YOUR INSTRUCTIONS:
Output the listing exactly, without its pictures.
────────────────────
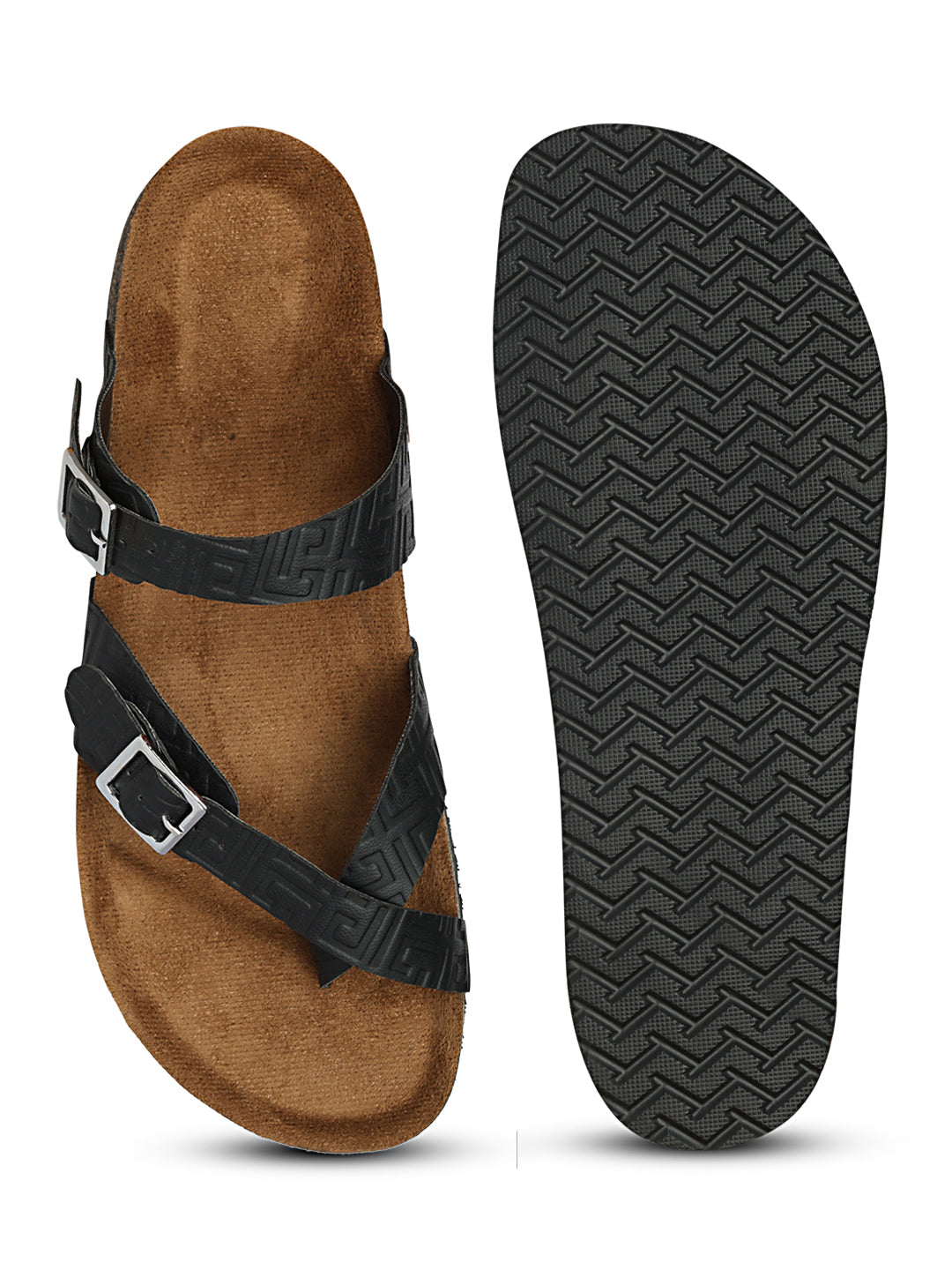 Women's Flats Sandals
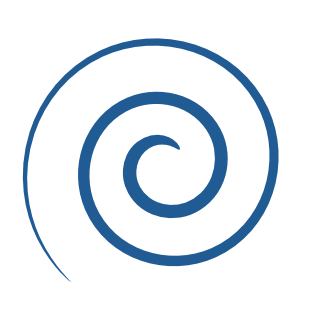 Spiral simple test 25 03 13.png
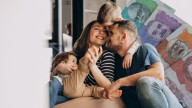 Subsidio familiar en Colombia: cómo funciona y cuándo aplica para cónyuges o parejas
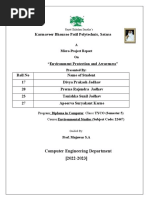 PDF Document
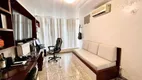 Foto 25 de Casa com 4 Quartos à venda, 356m² em Centro, Blumenau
────────────────────
REPLY TO THE TASK:
 Women's Flats Sandals
 Spiral simple test 25 03 13.png
 Subsidio familiar en Colombia: cómo funciona y cuándo aplica para cónyuges o parejas
 PDF Document
 Foto 25 de Casa com 4 Quartos à venda, 356m² em Centro, Blumenau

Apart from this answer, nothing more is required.